当我们有重复分数时,类似的情况会出现在小数点。如果我们将1/3 + 1/3 + 1/3加起来,但是我们不得不四舍五入来处理,我们会加上0.333333 + 0.333333 + 0.333333,得到0.999999这实际上不是1.这是一个二进制数学的类似情况。 1/20不能用二进制精确表示。
请注意,乘法的舍入略有不同,因此
>打印(0.05 * 20-1)
0
> print(0.05 * 20 == 1)
true
因此,您可以重写你的代码要说:
$ p $ for i = 0,20,1 do
print(i * 0.05)
结束
它会正常工作。一般来说,建议不要使用浮点数(即带小数点的数字)来控制循环。
I'm not sure if this is a bug or not, so I thought that maybe you folks might want to take a look.
The problem lies with this code:
for i=0,1,.05 do
print(i)
end
The output should be:
0
.05
.1
--snip--
.95
1
Instead, the output is:
0
.05
.1
--snip--
.95
This same problem happened with a while loop:
w = 0
while w <= 1 do
print(w)
w = w + .05
end
--output:
0
.05
.1
--snip--
.95
The value of w is 1, which can be verified by a print statement after the loop.
I have verified as much as possible that any step that is less than or equal .05 will produce this error.
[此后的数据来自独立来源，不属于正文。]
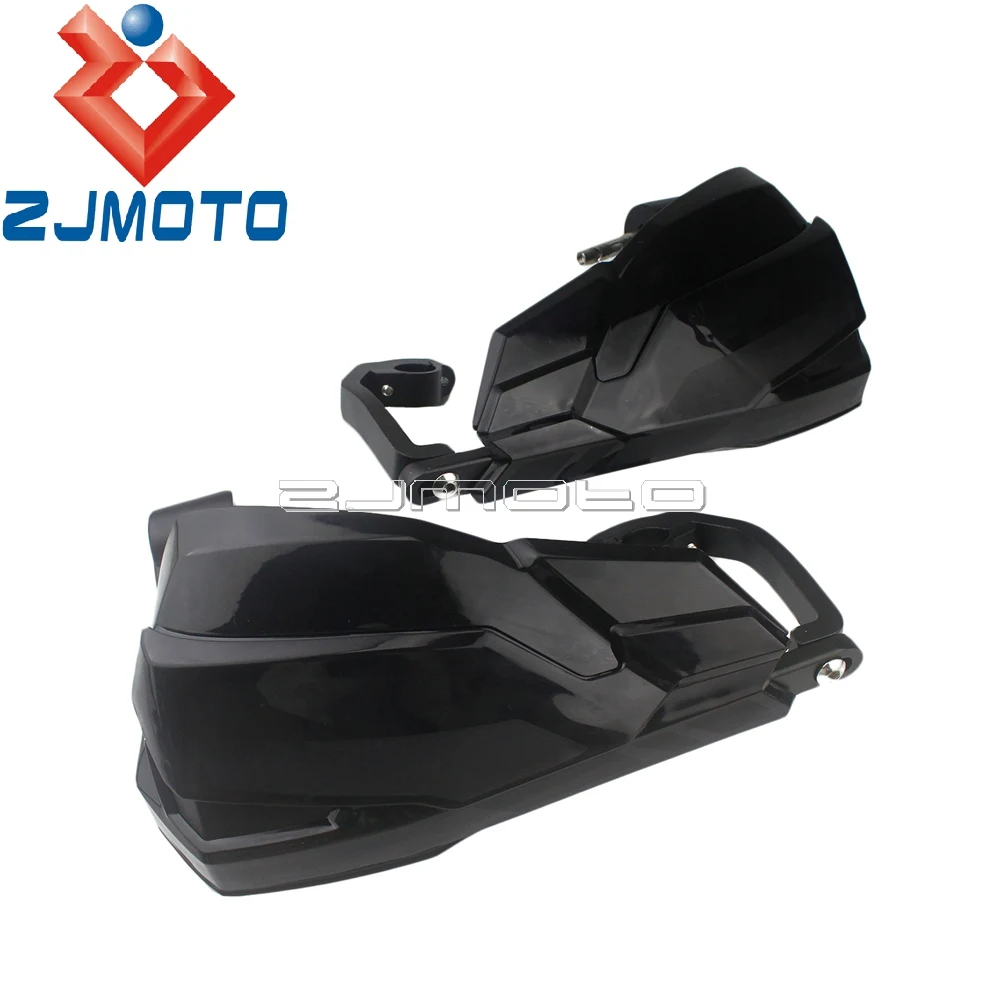 

Защита для рук мотоцикла, для F700GS, F800GS, F800R, 2013-2017, для BMW R1200GS LC ADV 2014-2017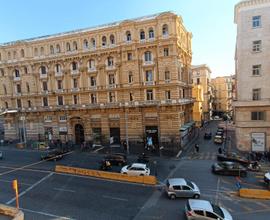 Elegante Casa vacanze Napoli centro storico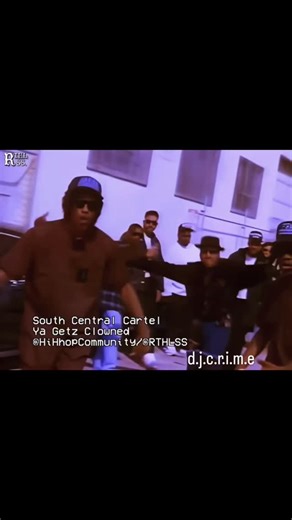 D.J.C.R.I.M.E.™️ | USB MUSIC DRIVES 4 SALE DM ME 🔥🔥🔥 1.Rare Funk with OG Funk Vol 1 500 jams 2.Rare Funk with OG Funk Vol 2 230 jams 3.Rare Funk with OG... | Instagram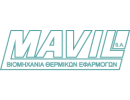 Mavil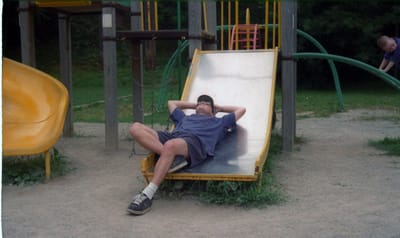 B_0003.jpg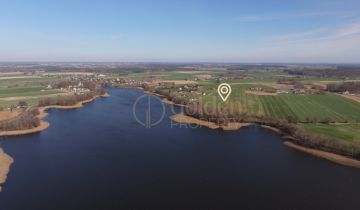 Działka budowlana Sumin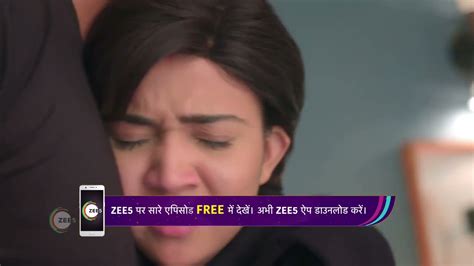 Meet Hindi Tv Serial Ep 242 Best Scene Ashi Singh Shagun Pandey Abha Parmar Zee Tv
Any step above .05 should be fine. I verified that 1/19 (0.052631579) does print a 1. (Obviously, a decimal denominator like 19.9 or 10.5 will not produce output from [0,1] inclusive.) Is there a possibility that this is not an error of the language? Both the interpreter and a regular Lua file produce this error.
This is a rounding problem. The issue is that 0.05 is represented as a floating point binary number, and it does not have an exact representation in binary. In base 2 (binary), it is a repeating decimal similar to numbers like 1/3 in base 10. When added repeatedly, the rounding results in a number which is slightly more than 1. It is only very, very slightly more than 1, so if you print it out, it shows 1 as the output, but it is not exactly 1.
> x=0.05+0.05+0.05+0.05+0.05+0.05+0.05+0.05+0.05+0.05+0.05+0.05+0.05+0.05+0.05+0.05+0.05+0.05+0.05+0.05
> print(x)
1
> print(1==x)
false
> print(x-1)
2.2204460492503e-16
So, as you can see, although really close to 1, it is actually slightly more.
A similar situation can come up in decimal when we have repeating fractions. If we were to add together 1/3 + 1/3 + 1/3, but we had to round to six digits to work with, we would add 0.333333 + 0.333333 + 0.333333 and get 0.999999 which is not actually 1. This is an analogous case for binary math. 1/20 cannot be precisely represented in binary.
Note that the rounding is slightly different for multiplication so
> print(0.05*20-1)
0
> print(0.05*20==1)
true
As a result, you could rewrite your code to say
for i=0,20,1 do
print(i*0.05)
end
And it would work correctly. In general, it's advisable not to use floating point numbers (that is, numbers with decimal points) for controlling loops when it can be avoided.
这篇关于奇怪的循环问题的文章就介绍到这了,希望我们推荐的答案对大家有所帮助,也希望大家多多支持IT屋!